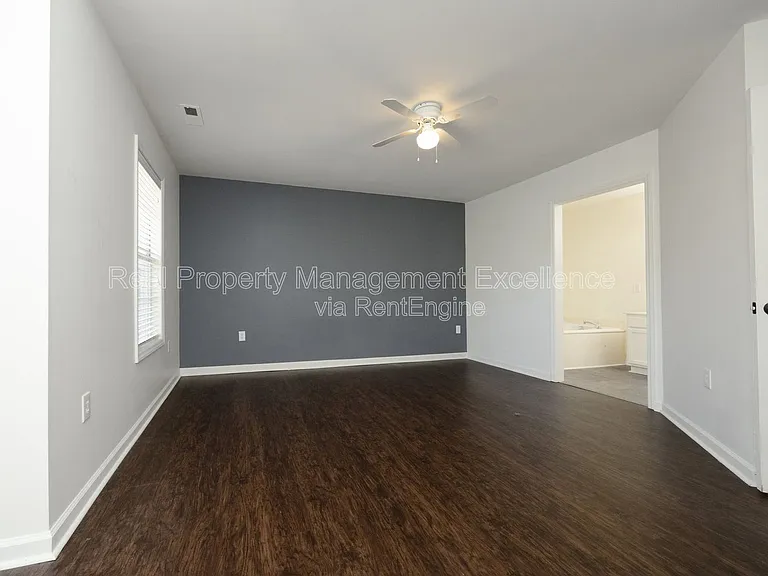 521 Renshaw Ct — Photo 15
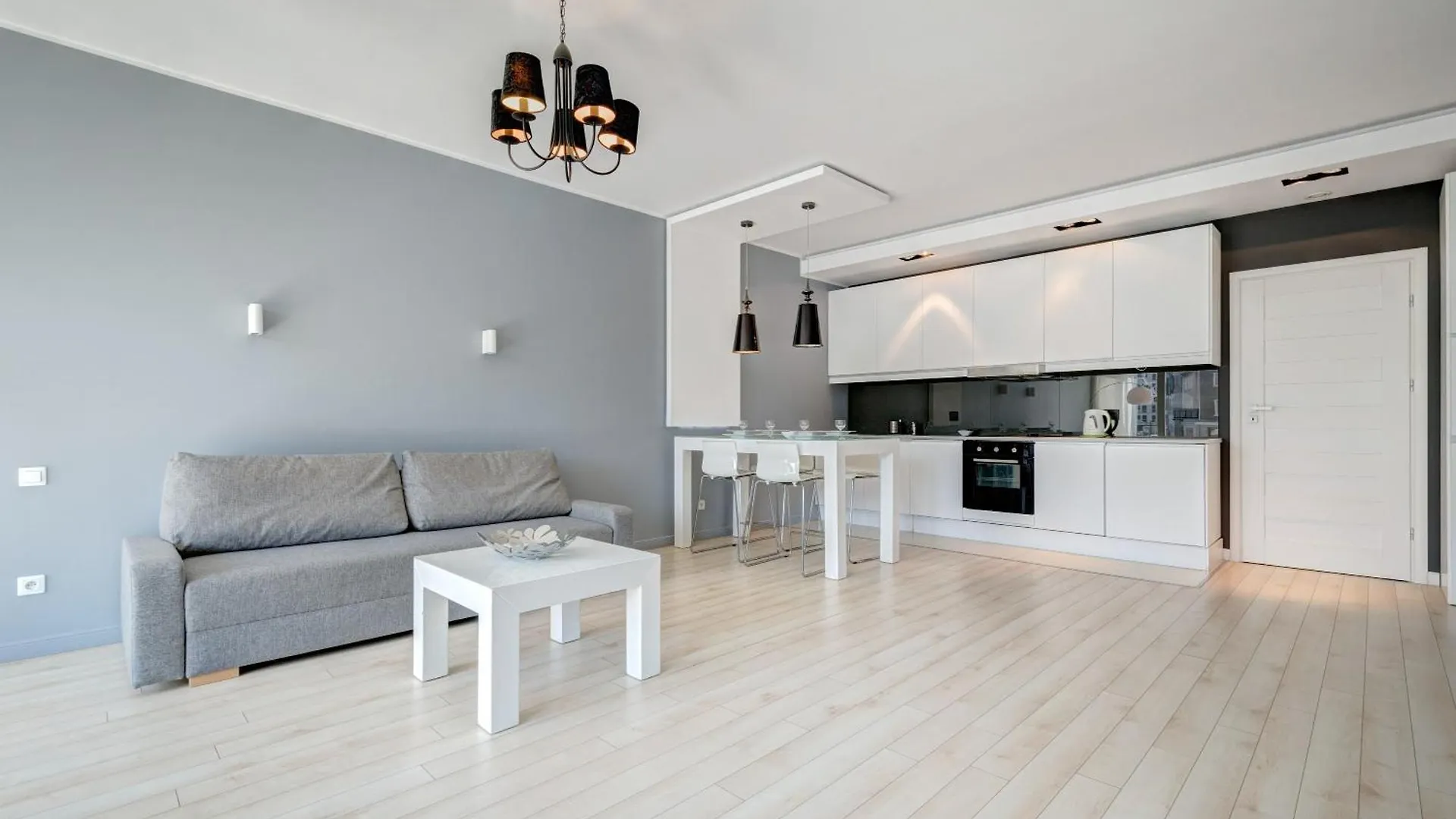 Modern Dom & House Apartments In Gdansk With Pool And Gym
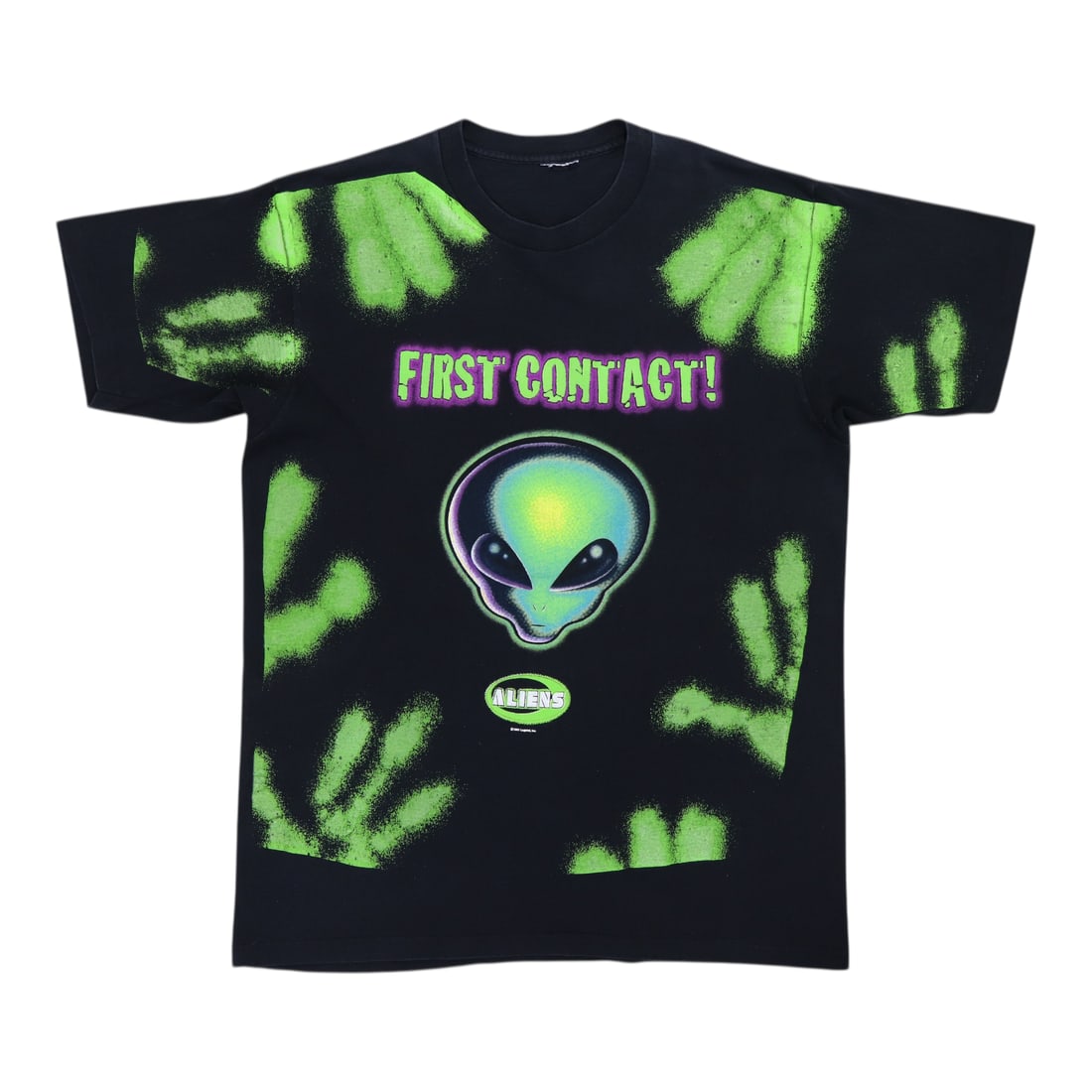 Vintage 1997 Aliens First Contact Glow All Over Print Cotton T-Shirt: Vintage 1997 Aliens First Contact Glow All Over Print Cotton T-Shirt This is an original vintage 1997 "Aliens First Contact" all over print shirt featuring glow-in-the-dark graphics on both the front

§ Description of the task:
Return exactly the lines running from the line with "Modern Dom &" through the final line of the listing. Leave the pictures out.

§ Answer for this exercise:
 Modern Dom & House Apartments In Gdansk With Pool And Gym
 Vintage 1997 Aliens First Contact Glow All Over Print Cotton T-Shirt: Vintage 1997 Aliens First Contact Glow All Over Print Cotton T-Shirt This is an original vintage 1997 "Aliens First Contact" all over print shirt featuring glow-in-the-dark graphics on both the front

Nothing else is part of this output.